Grenzen des Offshorings?

Immigration und Offshoring nutzen wirtschaftliche Ungleichgewichte zwischen Ländern aus. Was passiert in Kombination mit Automatisierung und Robotern? Wo sind die Grenzen? Wer haftet für Risiken? Gedanken und Fragen aus Sicht eines Informatikers.

Immigration und Offshoring (Auslagerung von Arbeiten in entfernte Länder) nutzen beide wirtschaftliche Ungleichgewichte zwischen Ländern aus – die Immigration bringt die Leute zur Arbeit, das Offshoring bringt die Arbeit zu den Leuten. Die Immigration wird bei uns vor allem von der Politik gesteuert, das Offshoring von der Wirtschaft. Es wird interessant sein, in einigen Jahrzehnten zu beurteilen, was sich besser bewährt hat.

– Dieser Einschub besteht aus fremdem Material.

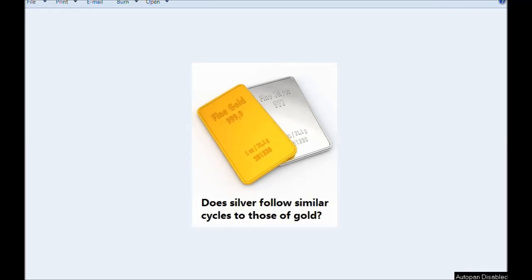Hello and welcome to My Finance Teacher. Today is the 29th of June 2017 and recently I got an interesting question: does silver follow similar cycles to those of gold that we've been discussing for a few months already, since December last year, since I started posting these analysis videos to this YouTube channel.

Heute werden vor allem in Daten verpackbare Dienstleistungen in Ländern wie Indien erbracht, wo die Bildungsniveau und die IT-Infrastruktur gut sind; Ostasien übernimmt eher die Herstellung von Gütern.

Wo sind die Grenzen des Offshorings? Gekoppelt mit Automatisierung, weiter als ich zuerst gedacht habe. Mit Robotern unterrichten  philippinische Lehrer off-shore koreanische  Schulklassen und werden ältere Menschen betreut. Der Google driverless Car  kann selbständig fahren. Die wohl ab und zu nötige Überwachung kann gut von irgendwo gemacht werden – falls gewünscht, im Schichtbetrieb rund um die Uhr. Dies liesse sich auch für Züge und Lastwagen realisieren – ein Operator könnte ein paar Lastwagen kontrollieren (geht bei Drohnen auch und dort ist’s heikler).

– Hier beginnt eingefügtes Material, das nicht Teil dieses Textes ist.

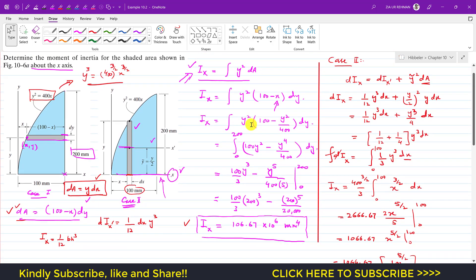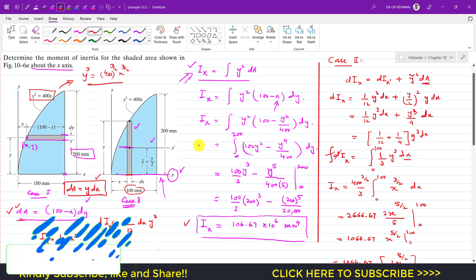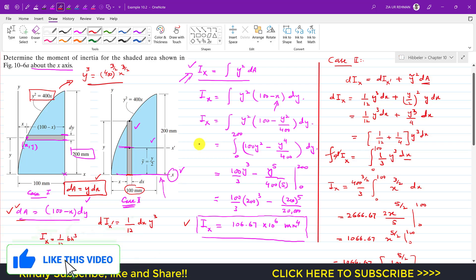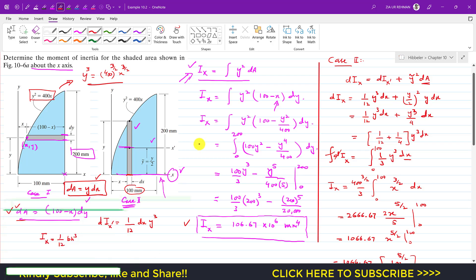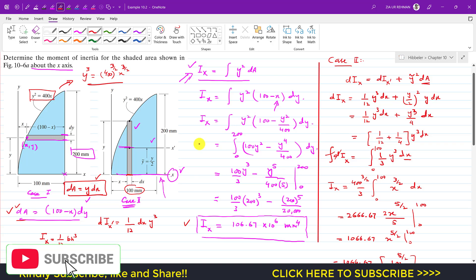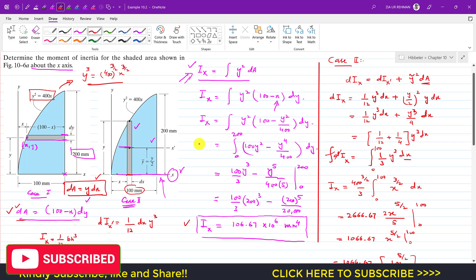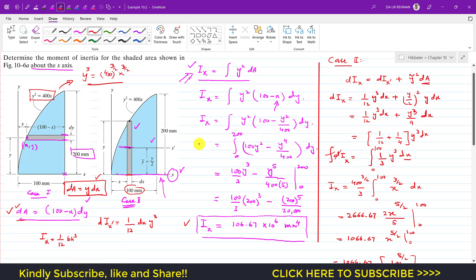I hope this will help you in your learning. The same method is going to be applied to each and every problem related to the moment of inertia. Do let me know if it helps in the comment section, and subscribe to my channel if you haven't subscribed yet.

Was ist der Haken an der Geschichte? Die Haftung! Wer haftet, wenn der Lastwagen einen Unfall baut? Wie dick wird der Vertrag sein, der die Haftung ausschliesst, wenn ich etwas mit diesem Lastwagen versende oder empfange?  Werden sämtliche Einsparungen durch Anwälte und Justiz  zunichte gemacht? Oder durch den Staat, der regulierend eingreift?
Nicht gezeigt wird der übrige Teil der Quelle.